Web page caption snippets:
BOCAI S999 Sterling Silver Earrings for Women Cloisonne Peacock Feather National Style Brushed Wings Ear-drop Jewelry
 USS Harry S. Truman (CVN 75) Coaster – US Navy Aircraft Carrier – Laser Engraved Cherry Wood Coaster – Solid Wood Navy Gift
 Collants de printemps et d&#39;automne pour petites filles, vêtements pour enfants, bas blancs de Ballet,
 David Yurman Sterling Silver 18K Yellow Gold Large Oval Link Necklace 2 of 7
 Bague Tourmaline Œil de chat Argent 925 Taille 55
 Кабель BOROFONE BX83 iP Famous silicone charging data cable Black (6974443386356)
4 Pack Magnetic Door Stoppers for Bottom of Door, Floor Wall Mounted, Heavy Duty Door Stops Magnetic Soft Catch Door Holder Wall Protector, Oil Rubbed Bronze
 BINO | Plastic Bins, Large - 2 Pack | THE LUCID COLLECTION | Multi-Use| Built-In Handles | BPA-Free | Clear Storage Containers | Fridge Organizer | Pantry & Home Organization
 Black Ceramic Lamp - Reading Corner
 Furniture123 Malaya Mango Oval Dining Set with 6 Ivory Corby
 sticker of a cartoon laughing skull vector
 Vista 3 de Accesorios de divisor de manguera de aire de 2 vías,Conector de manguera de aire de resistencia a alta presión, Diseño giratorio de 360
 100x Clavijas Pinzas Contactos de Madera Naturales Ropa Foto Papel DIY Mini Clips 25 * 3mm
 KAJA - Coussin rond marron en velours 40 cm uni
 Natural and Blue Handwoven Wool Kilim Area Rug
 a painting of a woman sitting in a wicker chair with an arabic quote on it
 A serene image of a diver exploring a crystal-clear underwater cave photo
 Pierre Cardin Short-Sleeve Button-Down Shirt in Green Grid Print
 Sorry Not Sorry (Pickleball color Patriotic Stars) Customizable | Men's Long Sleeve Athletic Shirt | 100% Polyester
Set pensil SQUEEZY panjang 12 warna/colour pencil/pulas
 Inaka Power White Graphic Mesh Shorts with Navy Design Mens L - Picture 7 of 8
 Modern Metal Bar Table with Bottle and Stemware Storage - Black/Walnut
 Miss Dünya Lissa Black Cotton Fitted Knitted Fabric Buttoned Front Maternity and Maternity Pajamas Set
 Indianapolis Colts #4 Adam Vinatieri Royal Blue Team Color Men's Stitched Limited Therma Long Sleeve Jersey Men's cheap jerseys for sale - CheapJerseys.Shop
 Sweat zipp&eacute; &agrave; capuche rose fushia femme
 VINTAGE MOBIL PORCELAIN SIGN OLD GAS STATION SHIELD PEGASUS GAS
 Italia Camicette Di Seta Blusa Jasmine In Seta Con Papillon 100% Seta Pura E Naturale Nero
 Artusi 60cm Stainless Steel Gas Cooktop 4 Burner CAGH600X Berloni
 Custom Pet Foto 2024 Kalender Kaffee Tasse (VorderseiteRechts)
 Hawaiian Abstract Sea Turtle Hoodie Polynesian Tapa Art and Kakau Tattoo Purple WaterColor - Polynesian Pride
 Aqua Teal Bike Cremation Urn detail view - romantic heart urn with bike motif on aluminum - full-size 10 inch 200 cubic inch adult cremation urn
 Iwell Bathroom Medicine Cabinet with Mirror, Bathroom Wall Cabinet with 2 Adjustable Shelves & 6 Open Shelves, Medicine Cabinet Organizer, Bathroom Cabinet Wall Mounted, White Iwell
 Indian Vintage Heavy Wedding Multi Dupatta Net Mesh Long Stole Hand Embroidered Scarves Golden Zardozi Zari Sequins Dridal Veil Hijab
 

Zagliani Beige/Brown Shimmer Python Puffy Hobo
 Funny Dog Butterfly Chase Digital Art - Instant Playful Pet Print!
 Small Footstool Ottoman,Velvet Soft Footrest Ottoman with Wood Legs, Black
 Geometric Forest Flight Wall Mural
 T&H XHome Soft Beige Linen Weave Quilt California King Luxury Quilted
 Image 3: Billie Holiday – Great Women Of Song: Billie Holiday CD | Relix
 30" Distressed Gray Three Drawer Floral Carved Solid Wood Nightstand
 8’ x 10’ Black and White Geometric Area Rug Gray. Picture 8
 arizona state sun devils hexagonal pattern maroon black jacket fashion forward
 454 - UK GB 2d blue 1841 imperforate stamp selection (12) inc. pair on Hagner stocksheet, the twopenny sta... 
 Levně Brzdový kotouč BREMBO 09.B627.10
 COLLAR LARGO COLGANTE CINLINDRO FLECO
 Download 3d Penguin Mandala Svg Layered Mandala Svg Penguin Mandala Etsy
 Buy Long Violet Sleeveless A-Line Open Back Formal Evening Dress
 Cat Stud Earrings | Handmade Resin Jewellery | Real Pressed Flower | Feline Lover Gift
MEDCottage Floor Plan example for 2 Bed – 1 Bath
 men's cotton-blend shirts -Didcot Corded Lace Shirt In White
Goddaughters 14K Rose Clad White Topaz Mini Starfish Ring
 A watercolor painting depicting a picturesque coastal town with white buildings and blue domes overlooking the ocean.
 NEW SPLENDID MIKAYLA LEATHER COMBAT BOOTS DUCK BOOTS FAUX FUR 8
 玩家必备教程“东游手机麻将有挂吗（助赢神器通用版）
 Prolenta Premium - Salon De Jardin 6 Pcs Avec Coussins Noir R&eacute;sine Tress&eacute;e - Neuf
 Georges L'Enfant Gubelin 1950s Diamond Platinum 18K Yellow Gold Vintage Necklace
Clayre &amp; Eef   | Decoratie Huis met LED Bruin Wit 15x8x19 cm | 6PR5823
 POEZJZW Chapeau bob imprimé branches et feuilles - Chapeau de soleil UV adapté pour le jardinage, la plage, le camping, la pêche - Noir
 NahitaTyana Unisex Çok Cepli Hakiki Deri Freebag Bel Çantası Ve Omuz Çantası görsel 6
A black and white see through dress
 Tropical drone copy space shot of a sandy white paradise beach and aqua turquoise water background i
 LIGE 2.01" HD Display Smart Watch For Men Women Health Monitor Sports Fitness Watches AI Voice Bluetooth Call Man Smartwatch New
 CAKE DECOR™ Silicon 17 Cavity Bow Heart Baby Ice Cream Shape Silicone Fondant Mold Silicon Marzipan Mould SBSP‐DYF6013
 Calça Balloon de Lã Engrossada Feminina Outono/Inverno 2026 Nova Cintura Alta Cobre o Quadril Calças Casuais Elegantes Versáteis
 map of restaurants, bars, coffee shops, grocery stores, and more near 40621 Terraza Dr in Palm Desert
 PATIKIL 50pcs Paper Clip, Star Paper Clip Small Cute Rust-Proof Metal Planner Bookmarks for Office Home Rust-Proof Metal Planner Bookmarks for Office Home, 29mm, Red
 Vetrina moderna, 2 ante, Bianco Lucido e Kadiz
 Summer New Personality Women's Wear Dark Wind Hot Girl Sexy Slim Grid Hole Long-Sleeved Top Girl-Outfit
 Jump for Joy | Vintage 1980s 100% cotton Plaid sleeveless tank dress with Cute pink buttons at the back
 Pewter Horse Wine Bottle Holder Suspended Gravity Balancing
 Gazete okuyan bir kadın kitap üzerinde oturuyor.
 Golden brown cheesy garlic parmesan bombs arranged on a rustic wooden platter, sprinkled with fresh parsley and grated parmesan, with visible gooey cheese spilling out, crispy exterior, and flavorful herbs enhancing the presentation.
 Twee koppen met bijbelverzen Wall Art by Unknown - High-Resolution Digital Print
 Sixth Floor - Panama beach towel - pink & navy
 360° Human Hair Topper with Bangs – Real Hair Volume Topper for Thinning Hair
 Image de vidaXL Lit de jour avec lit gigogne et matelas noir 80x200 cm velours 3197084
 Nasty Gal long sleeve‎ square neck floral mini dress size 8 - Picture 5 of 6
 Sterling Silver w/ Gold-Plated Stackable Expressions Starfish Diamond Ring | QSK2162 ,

EXERCISE: Pull out each record as written and restate it exactly.

REPLY TO THE TASK:
BOCAI S999 Sterling Silver Earrings for Women Cloisonne Peacock Feather National Style Brushed Wings Ear-drop Jewelry
 USS Harry S. Truman (CVN 75) Coaster – US Navy Aircraft Carrier – Laser Engraved Cherry Wood Coaster – Solid Wood Navy Gift
 Collants de printemps et d&#39;automne pour petites filles, vêtements pour enfants, bas blancs de Ballet,
 David Yurman Sterling Silver 18K Yellow Gold Large Oval Link Necklace 2 of 7
 Bague Tourmaline Œil de chat Argent 925 Taille 55
 Кабель BOROFONE BX83 iP Famous silicone charging data cable Black (6974443386356)
4 Pack Magnetic Door Stoppers for Bottom of Door, Floor Wall Mounted, Heavy Duty Door Stops Magnetic Soft Catch Door Holder Wall Protector, Oil Rubbed Bronze
 BINO | Plastic Bins, Large - 2 Pack | THE LUCID COLLECTION | Multi-Use| Built-In Handles | BPA-Free | Clear Storage Containers | Fridge Organizer | Pantry & Home Organization
 Black Ceramic Lamp - Reading Corner
 Furniture123 Malaya Mango Oval Dining Set with 6 Ivory Corby
 sticker of a cartoon laughing skull vector
 Vista 3 de Accesorios de divisor de manguera de aire de 2 vías,Conector de manguera de aire de resistencia a alta presión, Diseño giratorio de 360
 100x Clavijas Pinzas Contactos de Madera Naturales Ropa Foto Papel DIY Mini Clips 25 * 3mm
 KAJA - Coussin rond marron en velours 40 cm uni
 Natural and Blue Handwoven Wool Kilim Area Rug
 a painting of a woman sitting in a wicker chair with an arabic quote on it
 A serene image of a diver exploring a crystal-clear underwater cave photo
 Pierre Cardin Short-Sleeve Button-Down Shirt in Green Grid Print
 Sorry Not Sorry (Pickleball color Patriotic Stars) Customizable | Men's Long Sleeve Athletic Shirt | 100% Polyester
Set pensil SQUEEZY panjang 12 warna/colour pencil/pulas
 Inaka Power White Graphic Mesh Shorts with Navy Design Mens L - Picture 7 of 8
 Modern Metal Bar Table with Bottle and Stemware Storage - Black/Walnut
 Miss Dünya Lissa Black Cotton Fitted Knitted Fabric Buttoned Front Maternity and Maternity Pajamas Set
 Indianapolis Colts #4 Adam Vinatieri Royal Blue Team Color Men's Stitched Limited Therma Long Sleeve Jersey Men's cheap jerseys for sale - CheapJerseys.Shop
 Sweat zipp&eacute; &agrave; capuche rose fushia femme
 VINTAGE MOBIL PORCELAIN SIGN OLD GAS STATION SHIELD PEGASUS GAS
 Italia Camicette Di Seta Blusa Jasmine In Seta Con Papillon 100% Seta Pura E Naturale Nero
 Artusi 60cm Stainless Steel Gas Cooktop 4 Burner CAGH600X Berloni
 Custom Pet Foto 2024 Kalender Kaffee Tasse (VorderseiteRechts)
 Hawaiian Abstract Sea Turtle Hoodie Polynesian Tapa Art and Kakau Tattoo Purple WaterColor - Polynesian Pride
 Aqua Teal Bike Cremation Urn detail view - romantic heart urn with bike motif on aluminum - full-size 10 inch 200 cubic inch adult cremation urn
 Iwell Bathroom Medicine Cabinet with Mirror, Bathroom Wall Cabinet with 2 Adjustable Shelves & 6 Open Shelves, Medicine Cabinet Organizer, Bathroom Cabinet Wall Mounted, White Iwell
 Indian Vintage Heavy Wedding Multi Dupatta Net Mesh Long Stole Hand Embroidered Scarves Golden Zardozi Zari Sequins Dridal Veil Hijab
 

Zagliani Beige/Brown Shimmer Python Puffy Hobo
 Funny Dog Butterfly Chase Digital Art - Instant Playful Pet Print!
 Small Footstool Ottoman,Velvet Soft Footrest Ottoman with Wood Legs, Black
 Geometric Forest Flight Wall Mural
 T&H XHome Soft Beige Linen Weave Quilt California King Luxury Quilted
 Image 3: Billie Holiday – Great Women Of Song: Billie Holiday CD | Relix
 30" Distressed Gray Three Drawer Floral Carved Solid Wood Nightstand
 8’ x 10’ Black and White Geometric Area Rug Gray. Picture 8
 arizona state sun devils hexagonal pattern maroon black jacket fashion forward
 454 - UK GB 2d blue 1841 imperforate stamp selection (12) inc. pair on Hagner stocksheet, the twopenny sta... 
 Levně Brzdový kotouč BREMBO 09.B627.10
 COLLAR LARGO COLGANTE CINLINDRO FLECO
 Download 3d Penguin Mandala Svg Layered Mandala Svg Penguin Mandala Etsy
 Buy Long Violet Sleeveless A-Line Open Back Formal Evening Dress
 Cat Stud Earrings | Handmade Resin Jewellery | Real Pressed Flower | Feline Lover Gift
MEDCottage Floor Plan example for 2 Bed – 1 Bath
 men's cotton-blend shirts -Didcot Corded Lace Shirt In White
Goddaughters 14K Rose Clad White Topaz Mini Starfish Ring
 A watercolor painting depicting a picturesque coastal town with white buildings and blue domes overlooking the ocean.
 NEW SPLENDID MIKAYLA LEATHER COMBAT BOOTS DUCK BOOTS FAUX FUR 8
 玩家必备教程“东游手机麻将有挂吗（助赢神器通用版）
 Prolenta Premium - Salon De Jardin 6 Pcs Avec Coussins Noir R&eacute;sine Tress&eacute;e - Neuf
 Georges L'Enfant Gubelin 1950s Diamond Platinum 18K Yellow Gold Vintage Necklace
Clayre &amp; Eef   | Decoratie Huis met LED Bruin Wit 15x8x19 cm | 6PR5823
 POEZJZW Chapeau bob imprimé branches et feuilles - Chapeau de soleil UV adapté pour le jardinage, la plage, le camping, la pêche - Noir
 NahitaTyana Unisex Çok Cepli Hakiki Deri Freebag Bel Çantası Ve Omuz Çantası görsel 6
A black and white see through dress
 Tropical drone copy space shot of a sandy white paradise beach and aqua turquoise water background i
 LIGE 2.01" HD Display Smart Watch For Men Women Health Monitor Sports Fitness Watches AI Voice Bluetooth Call Man Smartwatch New
 CAKE DECOR™ Silicon 17 Cavity Bow Heart Baby Ice Cream Shape Silicone Fondant Mold Silicon Marzipan Mould SBSP‐DYF6013
 Calça Balloon de Lã Engrossada Feminina Outono/Inverno 2026 Nova Cintura Alta Cobre o Quadril Calças Casuais Elegantes Versáteis
 map of restaurants, bars, coffee shops, grocery stores, and more near 40621 Terraza Dr in Palm Desert
 PATIKIL 50pcs Paper Clip, Star Paper Clip Small Cute Rust-Proof Metal Planner Bookmarks for Office Home Rust-Proof Metal Planner Bookmarks for Office Home, 29mm, Red
 Vetrina moderna, 2 ante, Bianco Lucido e Kadiz
 Summer New Personality Women's Wear Dark Wind Hot Girl Sexy Slim Grid Hole Long-Sleeved Top Girl-Outfit
 Jump for Joy | Vintage 1980s 100% cotton Plaid sleeveless tank dress with Cute pink buttons at the back
 Pewter Horse Wine Bottle Holder Suspended Gravity Balancing
 Gazete okuyan bir kadın kitap üzerinde oturuyor.
 Golden brown cheesy garlic parmesan bombs arranged on a rustic wooden platter, sprinkled with fresh parsley and grated parmesan, with visible gooey cheese spilling out, crispy exterior, and flavorful herbs enhancing the presentation.
 Twee koppen met bijbelverzen Wall Art by Unknown - High-Resolution Digital Print
 Sixth Floor - Panama beach towel - pink & navy
 360° Human Hair Topper with Bangs – Real Hair Volume Topper for Thinning Hair
 Image de vidaXL Lit de jour avec lit gigogne et matelas noir 80x200 cm velours 3197084
 Nasty Gal long sleeve‎ square neck floral mini dress size 8 - Picture 5 of 6
 Sterling Silver w/ Gold-Plated Stackable Expressions Starfish Diamond Ring | QSK2162 ,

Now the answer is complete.